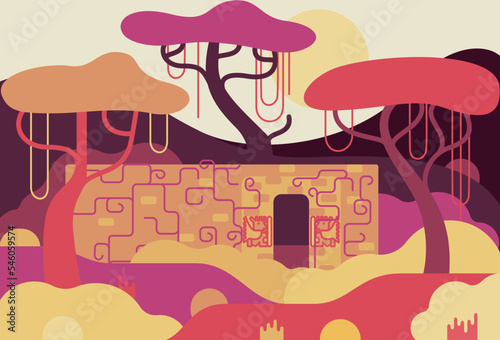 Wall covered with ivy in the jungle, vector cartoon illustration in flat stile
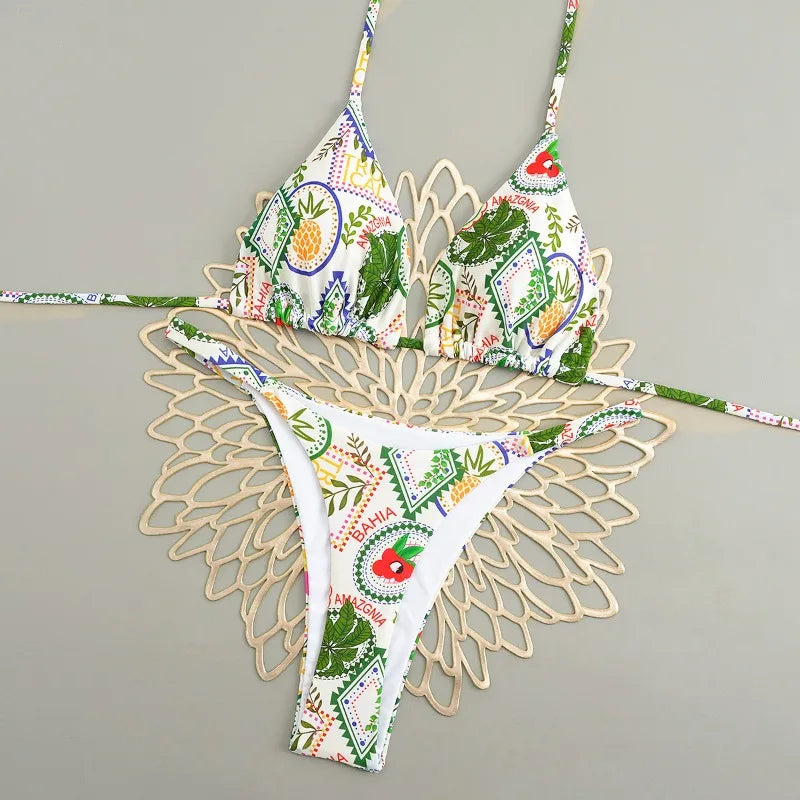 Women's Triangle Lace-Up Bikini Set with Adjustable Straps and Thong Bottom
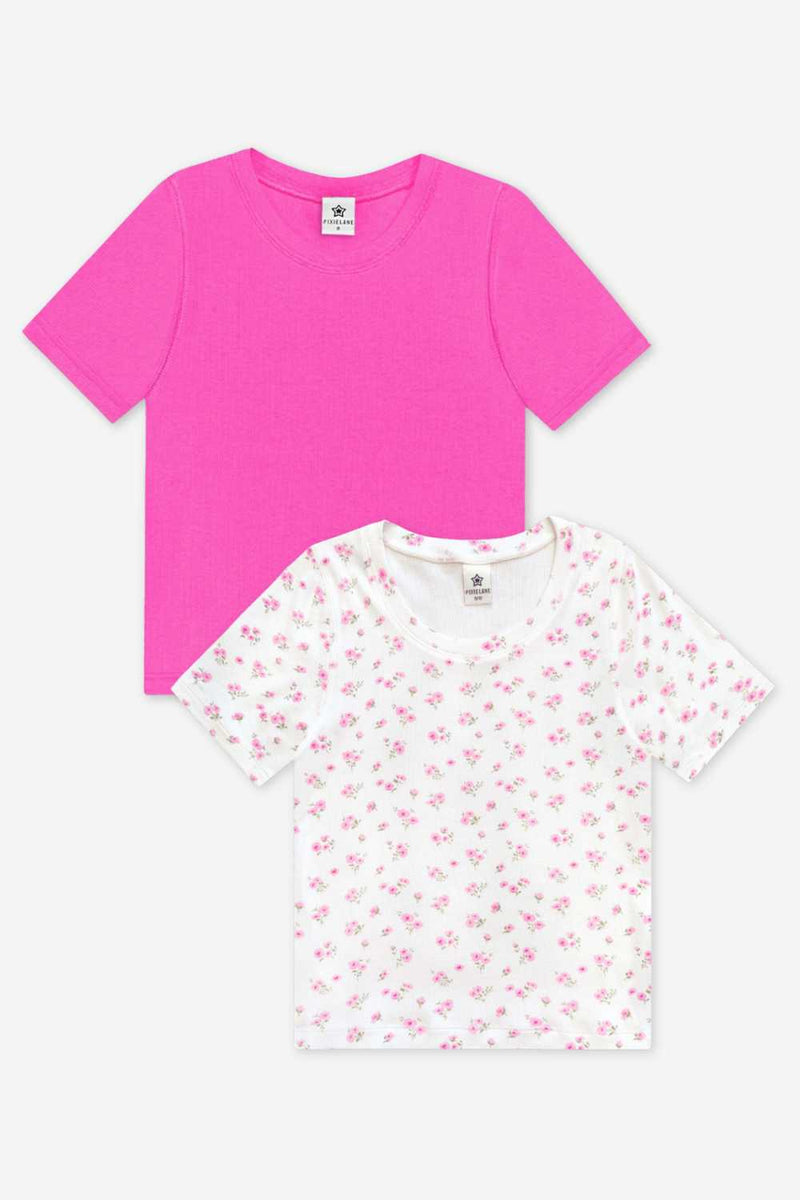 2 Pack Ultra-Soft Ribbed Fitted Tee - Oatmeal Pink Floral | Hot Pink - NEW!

□ □ □

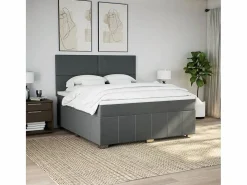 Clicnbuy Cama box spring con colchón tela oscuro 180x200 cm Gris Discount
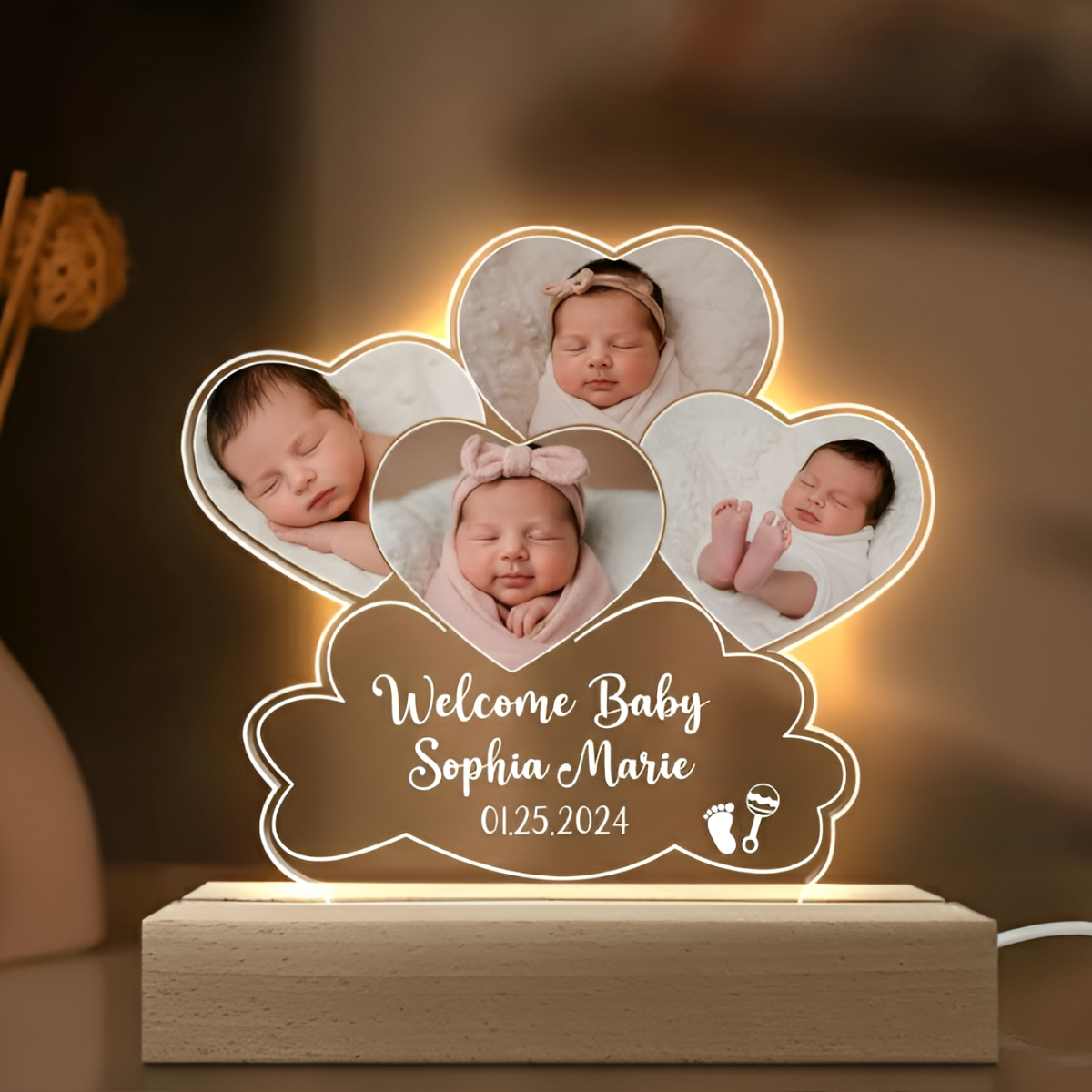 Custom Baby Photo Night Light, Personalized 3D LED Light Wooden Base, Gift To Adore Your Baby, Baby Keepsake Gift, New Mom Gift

□ □ □

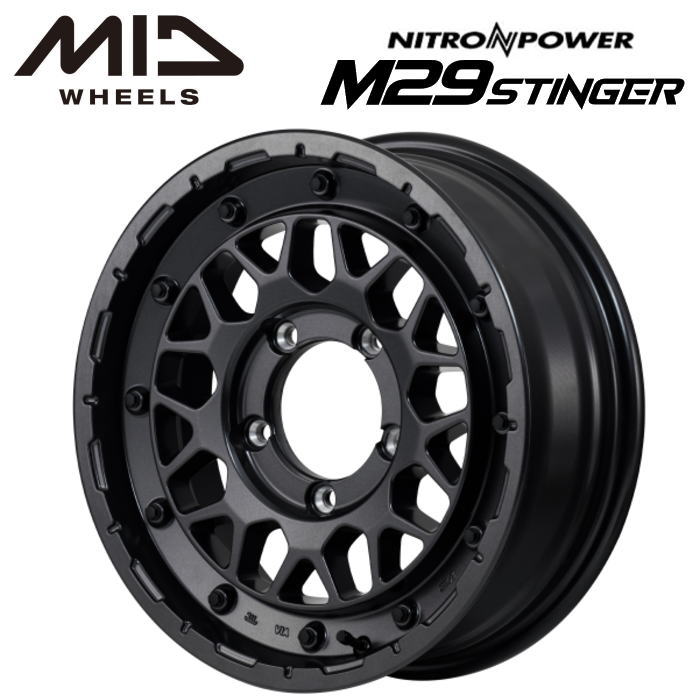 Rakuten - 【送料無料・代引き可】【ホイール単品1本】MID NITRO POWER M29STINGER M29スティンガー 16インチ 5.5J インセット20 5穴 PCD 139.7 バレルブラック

□ □ □

EXERCISE BRIEF
Give again the lines of the listing above that run from the one with "Wall covered with" up to and including the one with "2 Pack Ultra-Soft". Keep them exact and omit the pictures.

EXERCISE SOLUTION
 Wall covered with ivy in the jungle, vector cartoon illustration in flat stile
 Women's Triangle Lace-Up Bikini Set with Adjustable Straps and Thong Bottom
 2 Pack Ultra-Soft Ribbed Fitted Tee - Oatmeal Pink Floral | Hot Pink - NEW!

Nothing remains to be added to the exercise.